Data shown:

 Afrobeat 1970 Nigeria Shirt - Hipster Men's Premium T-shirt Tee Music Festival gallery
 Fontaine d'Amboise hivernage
...
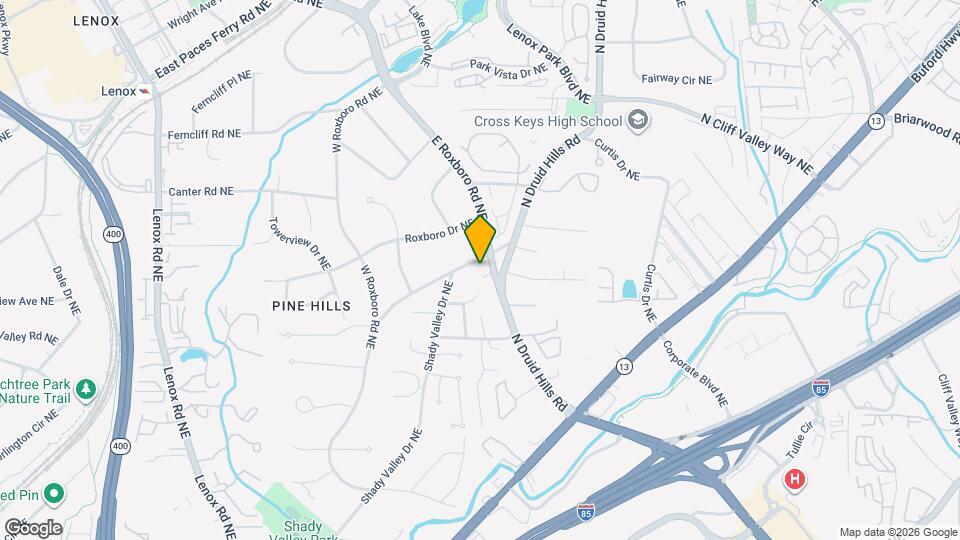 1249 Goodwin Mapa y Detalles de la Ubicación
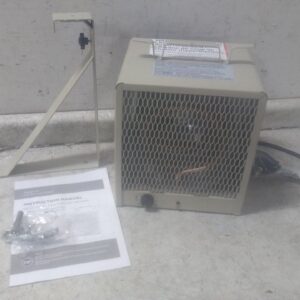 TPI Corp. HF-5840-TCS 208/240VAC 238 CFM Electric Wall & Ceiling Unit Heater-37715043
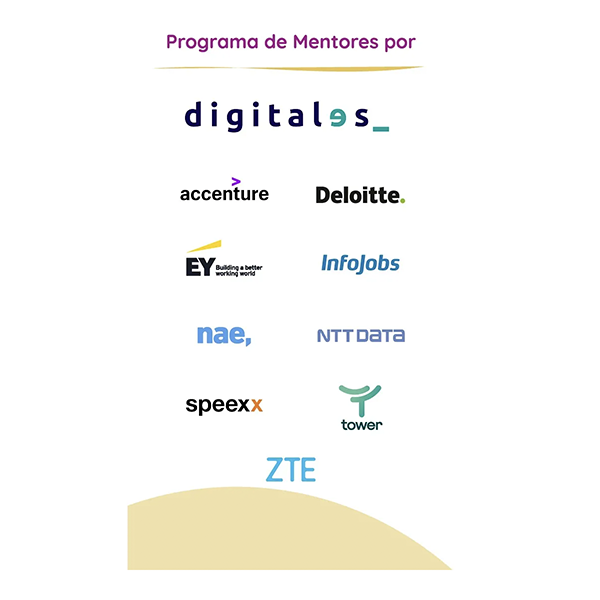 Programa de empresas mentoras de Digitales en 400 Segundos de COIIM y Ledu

Try it: Both the line containing "Afrobeat 1970 Nigeria" and the line containing "Fontaine d'Amboise hivernage" belong in the answer. Print them and every line above that falls between them exactly, and no others.

Response for this exercise:
 Afrobeat 1970 Nigeria Shirt - Hipster Men's Premium T-shirt Tee Music Festival gallery
 Fontaine d'Amboise hivernage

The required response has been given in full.